Development Physical & Emotional

Toddler Witching Hour: 9 Survival Tips For Parents

You can see it coming but feel like there’s nothing you can do.

Your toddler it teetering on the edge and you know a meltdown is coming any second; three, two one, BANG – the tantrum to end all tantrums has begun.

If this sounds familiar then what you’re probably dealing with is the infamous toddler witching hour, the time when your little one turns from a sweet little angel to the devil himself in a matter of seconds.

Fussiness, meltdowns, fits and tantrums all ensue, and you know you’re in for a long and difficult evening ahead.

Yes, the witching hour in toddlers most certainly is real, and it’s perhaps the most challenging part of raising a two or three year old.

Let’s take a look at why toddlers have a witching hour, and what you can do to deal with it.

Can Toddlers Have A Witching Hour?

Traditionally the witching hour refers to when a newborn baby goes through a period of fussiness, usually peaking at 6 weeks and fizzling out at around the 3 month mark.

If we assume that a witching hour refers to a period where a child is fussier than usual, extra sensitive and acting irrationally in the late afternoon or evening, then yes, it’s fair to say that a toddler can definitely have one.

The exact time when the witching hour strikes will vary from child to child, but typically we’re talking anywhere between mid afternoon (perhaps after daycare) to dinner, or that period between dinner and bedtime.

Toddler Looking Angry

Why Do Toddlers Have A Witching Hour?

We have mentioned before that experts cannot be sure on the exact cause of fussy periods in babies.

Toddlers are a little different however, and the good news is that it’s typically a little easier to pinpoint the reason why your two or three year old may be experiencing a witching hour.

Three common reasons are:

  1. Overtiredness.

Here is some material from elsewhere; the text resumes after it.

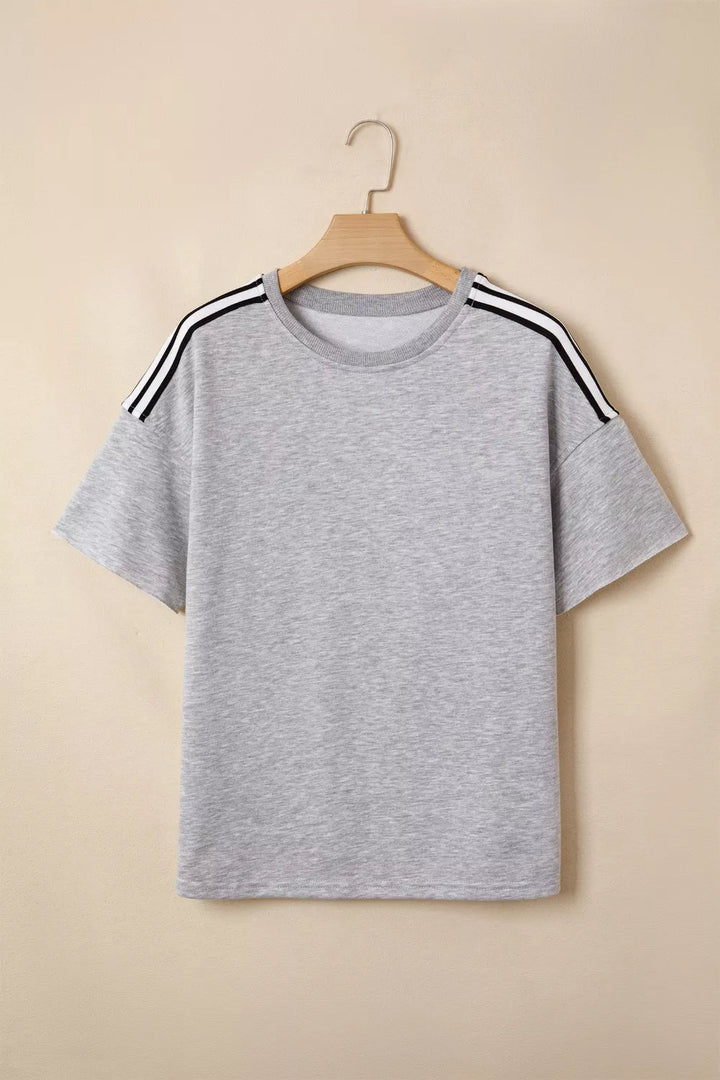 Striped Shoulder Relaxed Fit T-Shirt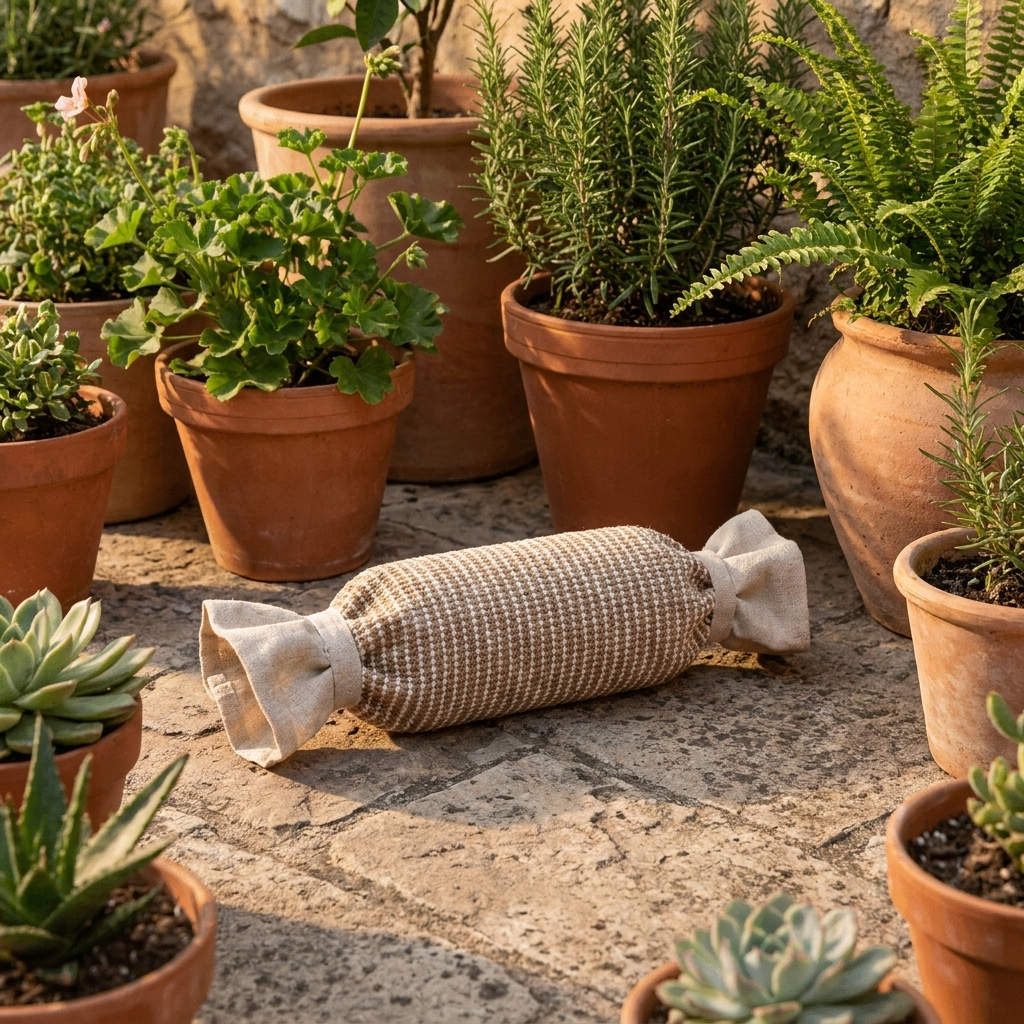 Sisalo cat scratcher on a stone patio among terracotta pots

You don’t need me to tell you that in many ways toddlers are so much more grown compared to what they were like only a year ago. But remember they are still small and developing, and the days can be extremely long at this age of their life (especially if they’ve dropped their nap).
  2. Overstimulation. Things like too much noise, new people, watching cartoons or Disney movies and other things that lead to a sensory overload can all result in your child becoming easily overwhelmed.
  3. Hunger. If your toddler is hungry in the afternoon, particularly after a full day’s school or nursery, then it may cause their blood sugar to drop. This can lead to crankiness, fussiness and other less than optimal behaviour characteristics.

How To Survive Your Toddler’s Witching Hour

OK, you now have a better idea as to why your toddler is melting down and is extra sensitive in the late afternoon or evening.

But what you are probable even more interested in is knowing what can be done to make the witching hour less severe, or better yet how to eliminate it completely.

Here are 9 tips for dealing with the dreaded toddler witching hour:

1. Leave The House

I saw this tip come up multiple times when researching this article, and I can personally testify that it worked wonders when dealing with my daughter’s witching hour.

As soon as you think the notorious witching hour is approaching, pack up your things and head outside, perhaps for a walk in the stroller around the block, to the playground or to your local park for a run around.

With any luck, there’s a good chance that the change of scenery and fresh air will help get you to dinner time unscathed.

2. Pick Your Battles

This tip may be a little controversial, but it’s worth sharing as I know some of you will find it helpful.

When your child is about to lose it or when their tantrums have kicked in, it’s probably not the best time to seek perfection from either yourself nor your toddler.

If there’s ever a time to let little things slide it’s now.

Maybe they are refusing to say please or thank you?

Perhaps they are making a bigger mess than usual on purpose, or won’t tidy up their toys?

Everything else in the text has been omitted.